WORK TASK ▸ Line by line, print the records exactly.

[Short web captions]

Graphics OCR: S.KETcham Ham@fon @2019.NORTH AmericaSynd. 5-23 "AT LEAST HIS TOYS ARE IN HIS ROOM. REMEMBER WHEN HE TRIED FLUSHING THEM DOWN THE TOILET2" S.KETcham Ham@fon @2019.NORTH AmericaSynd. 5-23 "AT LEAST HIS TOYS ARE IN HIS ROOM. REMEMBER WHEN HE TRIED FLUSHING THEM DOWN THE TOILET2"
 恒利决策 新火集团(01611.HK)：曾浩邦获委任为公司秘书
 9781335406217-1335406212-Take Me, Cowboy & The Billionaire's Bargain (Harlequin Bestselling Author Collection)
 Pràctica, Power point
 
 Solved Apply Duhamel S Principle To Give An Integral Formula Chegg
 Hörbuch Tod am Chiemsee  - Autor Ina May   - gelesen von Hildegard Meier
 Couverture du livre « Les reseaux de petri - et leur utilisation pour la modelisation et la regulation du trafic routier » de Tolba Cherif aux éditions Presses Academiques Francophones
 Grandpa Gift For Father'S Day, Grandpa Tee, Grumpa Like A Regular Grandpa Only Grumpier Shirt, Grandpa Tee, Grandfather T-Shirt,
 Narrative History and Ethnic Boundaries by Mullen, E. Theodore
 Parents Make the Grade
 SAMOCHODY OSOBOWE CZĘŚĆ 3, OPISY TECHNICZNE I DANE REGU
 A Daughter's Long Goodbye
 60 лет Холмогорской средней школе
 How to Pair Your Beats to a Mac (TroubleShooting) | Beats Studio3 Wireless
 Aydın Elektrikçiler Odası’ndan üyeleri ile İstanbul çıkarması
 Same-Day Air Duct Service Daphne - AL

ANSWER BELOW ▸
Graphics OCR: S.KETcham Ham@fon @2019.NORTH AmericaSynd. 5-23 "AT LEAST HIS TOYS ARE IN HIS ROOM. REMEMBER WHEN HE TRIED FLUSHING THEM DOWN THE TOILET2" S.KETcham Ham@fon @2019.NORTH AmericaSynd. 5-23 "AT LEAST HIS TOYS ARE IN HIS ROOM. REMEMBER WHEN HE TRIED FLUSHING THEM DOWN THE TOILET2"
 恒利决策 新火集团(01611.HK)：曾浩邦获委任为公司秘书
 9781335406217-1335406212-Take Me, Cowboy & The Billionaire's Bargain (Harlequin Bestselling Author Collection)
 Pràctica, Power point
 
 Solved Apply Duhamel S Principle To Give An Integral Formula Chegg
 Hörbuch Tod am Chiemsee  - Autor Ina May   - gelesen von Hildegard Meier
 Couverture du livre « Les reseaux de petri - et leur utilisation pour la modelisation et la regulation du trafic routier » de Tolba Cherif aux éditions Presses Academiques Francophones
 Grandpa Gift For Father'S Day, Grandpa Tee, Grumpa Like A Regular Grandpa Only Grumpier Shirt, Grandpa Tee, Grandfather T-Shirt,
 Narrative History and Ethnic Boundaries by Mullen, E. Theodore
 Parents Make the Grade
 SAMOCHODY OSOBOWE CZĘŚĆ 3, OPISY TECHNICZNE I DANE REGU
 A Daughter's Long Goodbye
 60 лет Холмогорской средней школе
 How to Pair Your Beats to a Mac (TroubleShooting) | Beats Studio3 Wireless
 Aydın Elektrikçiler Odası’ndan üyeleri ile İstanbul çıkarması
 Same-Day Air Duct Service Daphne - AL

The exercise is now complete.